LiveStacks -c 1 -i 10 -f > folded.stacks
perl FlameGraph.pl folded.stacks > sampled.svg
Here is what a sample flame graph might look like:
Creating arbitrary kernel ETW sessions requires Windows 8 or later, and administrative privileges.
To resolve managed symbols, the target process must currently have the same bitness as the tool. If this condition isn't met, managed symbols are not resolved but native symbols will still work properly. This can be addressed in the future by moving the managed symbol resolution into a separate helper process.
Kernel symbols are currently not resolved, and filtered out by default.

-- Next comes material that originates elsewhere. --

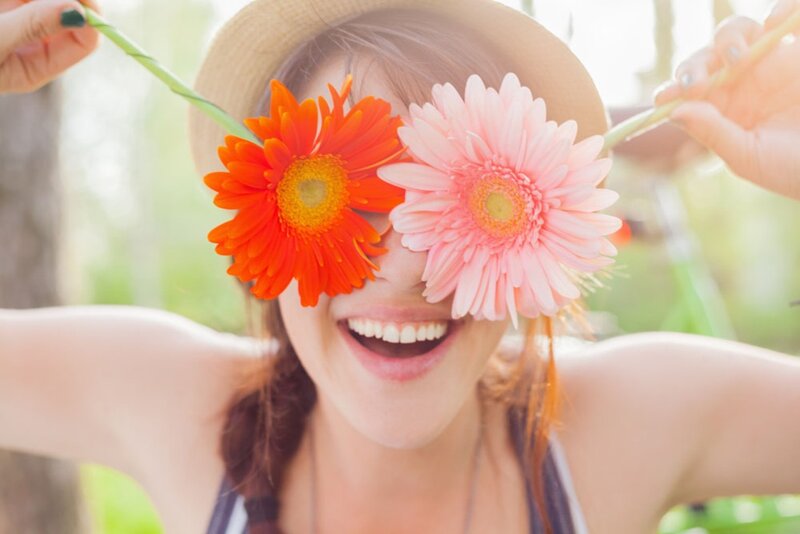 Woman Holding Flowers — Orange, Playful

The tool's overhead mostly depends on the number of events traced. For example, CPU sampling with default settings across the system runs at virtually 0% CPU overhead during collection. System call collection on an idle system was observed at 1-2% CPU usage, spiking to 5-10% when heavy I/O processes (issuing approximately 100K system calls per second) were running. As with most performance tools, measure in a stable test environment before deploying to production.
Additionally, processing symbols to display call stacks can lead to spikes of CPU, disk, and network activity as symbols are downloaded, loaded from disk, parsed in memory, and then cached. During heavy symbol processing, LiveStacks will routinely exhibit 100% CPU utilization for short time periods. To address this, you can limit the number of stacks displayed with the -T
switch.
To build the tool, you will need Visual Studio 2015/2017, and the Windows SDK installed (for the symsrv.dll and dbghelp.dll files).